What this task involves —
Extract, exactly as written, the line that contains "Brown single-story home" and all lines after it through the end of the records. Omit pictures.

Web page caption snippets
══════════
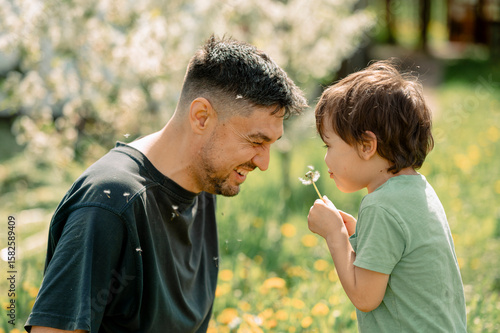 Father and son enjoying a sunny day with dandelions in a field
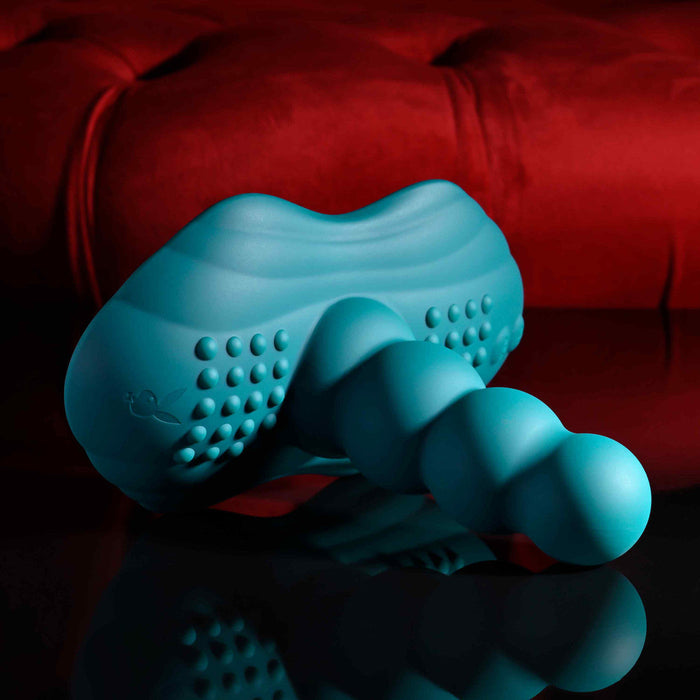The Playboy Have a Seat Remote Control Grinding Vibrator Pad, crafted from body-safe silicone with textured nubs and a turquoise beaded design, rests on a reflective black surface before a plush red backdrop, featuring hands-free suction cup versatility.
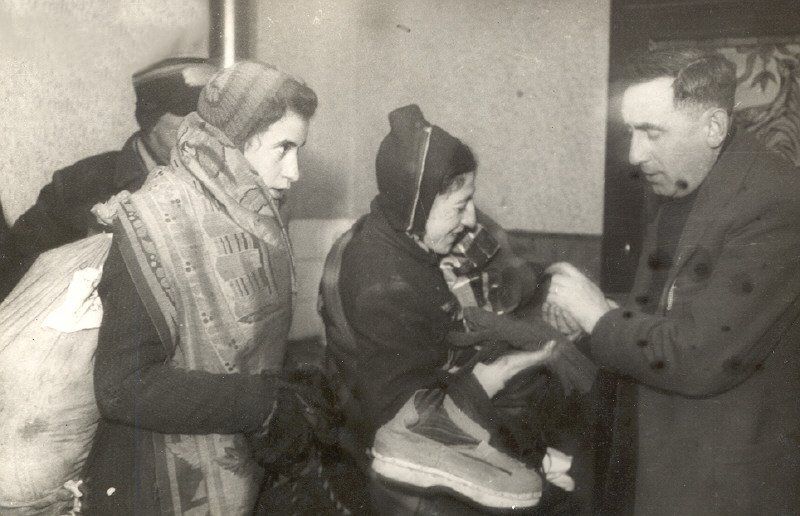 A Judenrat clerk in the Lodz ghetto with women scheduled for deportation from the ghetto.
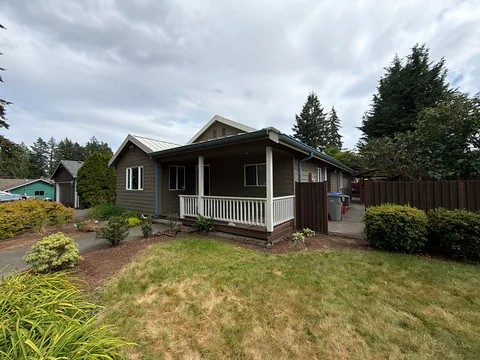 Brown single-story home with a white covered porch and new blue gutters in Tigard, Oregon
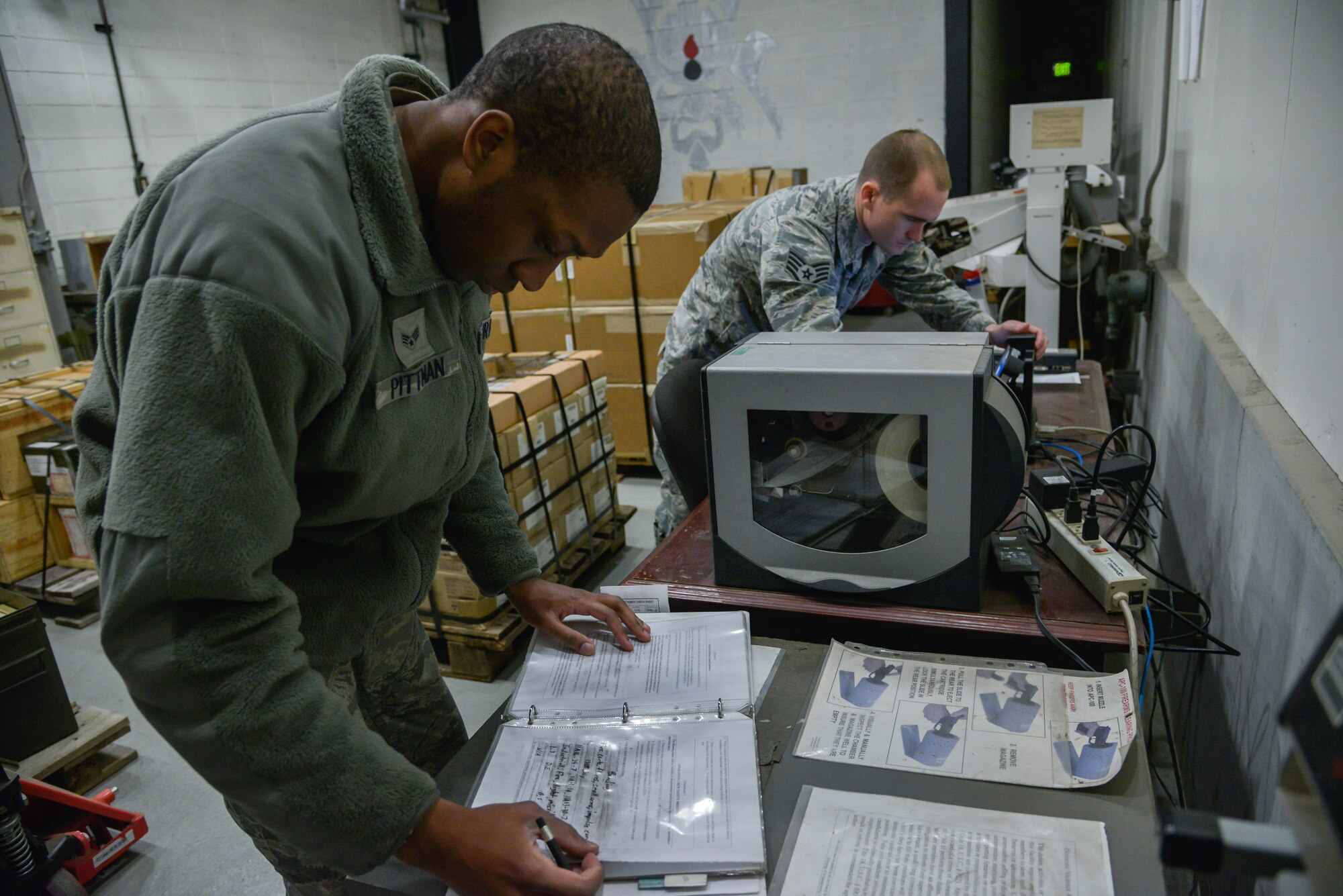 Senior Airman Damien Pittman, 374th Maintenance Squadron Munitions Flight munitions stockpile surveillance crewmember, updates a crew book prior to an explosive operation inspection at Yokota Air Base, Japan, Feb. 24, 2016. The inspections ensure that all assets are safe for use and function as designed. (U.S. Air Force photo by Senior Airman David Owsianka/Released)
══════════
Response to the exercise —
 Brown single-story home with a white covered porch and new blue gutters in Tigard, Oregon
 Senior Airman Damien Pittman, 374th Maintenance Squadron Munitions Flight munitions stockpile surveillance crewmember, updates a crew book prior to an explosive operation inspection at Yokota Air Base, Japan, Feb. 24, 2016. The inspections ensure that all assets are safe for use and function as designed. (U.S. Air Force photo by Senior Airman David Owsianka/Released)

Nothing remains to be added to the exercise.